Refugees have been forced to flee their homes and countries. They seek safety or shelter or simply a crust of bread where their own home offered none. They request entry to and participation in a new political community. But refugees need not, indeed they should not, be cowed as a result of this. Nor should they be expected to scrape and bow to their hosts in other countries, encouraged like feudal beggars to offer thanks for stale crusts tossed away from an aristocrat’s feast.

Who are we, those of us fortunate enough to be seated at the table, to claim it as our rightful place and to condescend to those who sit down beside us? What right have we to this table, this feast, this country? We may earn a right to feel proud of our home country if we have contributed constructively to its culture, its politics, and its traditions of openness and enfranchisement. If, in short, we are engaged in supporting a political community that does not oppress its own or others, and that ‘sees itself in solidarity with the oppressed, wherever they are’ (Arendt again, in her book The Origins of Totalitarianism).

If we live in such a community we may feel proud, but we are unlikely to condescend to the refugees who turn to us for assistance. We will see them instead as human beings who have known oppression and who suffer the hardships of exile, but who – like us – embody the hope of a world in which the agency of every human being is recognized and honoured.

‘We Refugees’ focuses on the plight of Jewish exiles who had left their ‘relatives in Polish ghettos’ and whose ‘best friends [had] been killed in concentration camps’. In many respects, Arendt’s subjects were unlike other refugees. As she describes it, the Jewish people in Europe had a distinctive history and culture, and even their desperate desire to assimilate in the host countries to which they fled was idiomatic, revealing characteristics forged through their long history as an outsider people. But despite the distinctiveness of the Jewish experience, the events of WWII were to prove that it was also representative, for ‘the outlawing of the Jewish people in Europe [was] followed closely by the outlawing’ of many other peoples, including the Slavic, Roma, and Polish. Moreover, people were not targeted solely on the basis of their race or religion, but also because of their anti-fascist political commitments, or profession, or sexuality, or because they were destitute.

What the experience of the WWII refugees demonstrates is that the tragedy of exile and loss of home can happen to anyone. It is for this reason that the title, ‘We Refugees’ was chosen for a planned new Anthology of writing about the contemporary experience of forced migration.
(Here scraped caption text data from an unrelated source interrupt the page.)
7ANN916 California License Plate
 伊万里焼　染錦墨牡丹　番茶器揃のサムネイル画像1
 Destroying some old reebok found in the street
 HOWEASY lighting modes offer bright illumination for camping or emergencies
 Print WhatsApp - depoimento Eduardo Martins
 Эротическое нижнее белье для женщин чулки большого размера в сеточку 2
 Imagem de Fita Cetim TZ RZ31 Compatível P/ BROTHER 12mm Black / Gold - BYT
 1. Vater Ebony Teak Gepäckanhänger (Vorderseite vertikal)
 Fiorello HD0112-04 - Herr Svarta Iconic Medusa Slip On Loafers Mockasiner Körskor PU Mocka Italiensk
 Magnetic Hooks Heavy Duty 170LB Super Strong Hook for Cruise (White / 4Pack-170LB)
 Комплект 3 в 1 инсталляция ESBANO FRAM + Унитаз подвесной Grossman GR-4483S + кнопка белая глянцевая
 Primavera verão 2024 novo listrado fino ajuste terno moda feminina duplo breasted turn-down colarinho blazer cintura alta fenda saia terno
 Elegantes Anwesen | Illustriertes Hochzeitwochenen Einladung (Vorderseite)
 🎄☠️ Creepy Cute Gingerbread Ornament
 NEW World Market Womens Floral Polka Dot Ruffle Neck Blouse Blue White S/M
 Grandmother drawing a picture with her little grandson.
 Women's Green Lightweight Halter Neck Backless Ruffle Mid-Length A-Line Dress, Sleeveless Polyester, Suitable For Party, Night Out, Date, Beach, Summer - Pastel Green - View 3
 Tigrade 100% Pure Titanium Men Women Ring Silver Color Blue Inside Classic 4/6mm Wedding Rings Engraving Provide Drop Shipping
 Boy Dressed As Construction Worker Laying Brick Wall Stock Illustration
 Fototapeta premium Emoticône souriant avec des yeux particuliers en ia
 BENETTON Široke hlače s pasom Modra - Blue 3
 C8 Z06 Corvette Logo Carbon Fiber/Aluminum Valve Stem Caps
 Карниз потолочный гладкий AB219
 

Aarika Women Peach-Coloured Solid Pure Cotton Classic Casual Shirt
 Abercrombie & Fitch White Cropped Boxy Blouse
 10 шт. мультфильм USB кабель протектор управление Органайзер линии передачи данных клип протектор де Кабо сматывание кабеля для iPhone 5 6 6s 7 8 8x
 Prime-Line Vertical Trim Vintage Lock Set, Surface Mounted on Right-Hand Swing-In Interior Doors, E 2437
The aim of this Anthology, which will be published by Pact Press, is to amplify the voices of displaced people wherever they are, and to provide insights to their lives that are often ignored in media accounts.

Rather than present a vision of crisis, the editors would like to present a vision of hope and energy, to celebrate the courage of people who have been forced to leave their homes and seek new ones. In the spirit of Arendt’s discomforting but also illuminating analysis, we also welcome contributions that may challenge readers, presenting the experience of displacement in a manner at odds with more typical representations.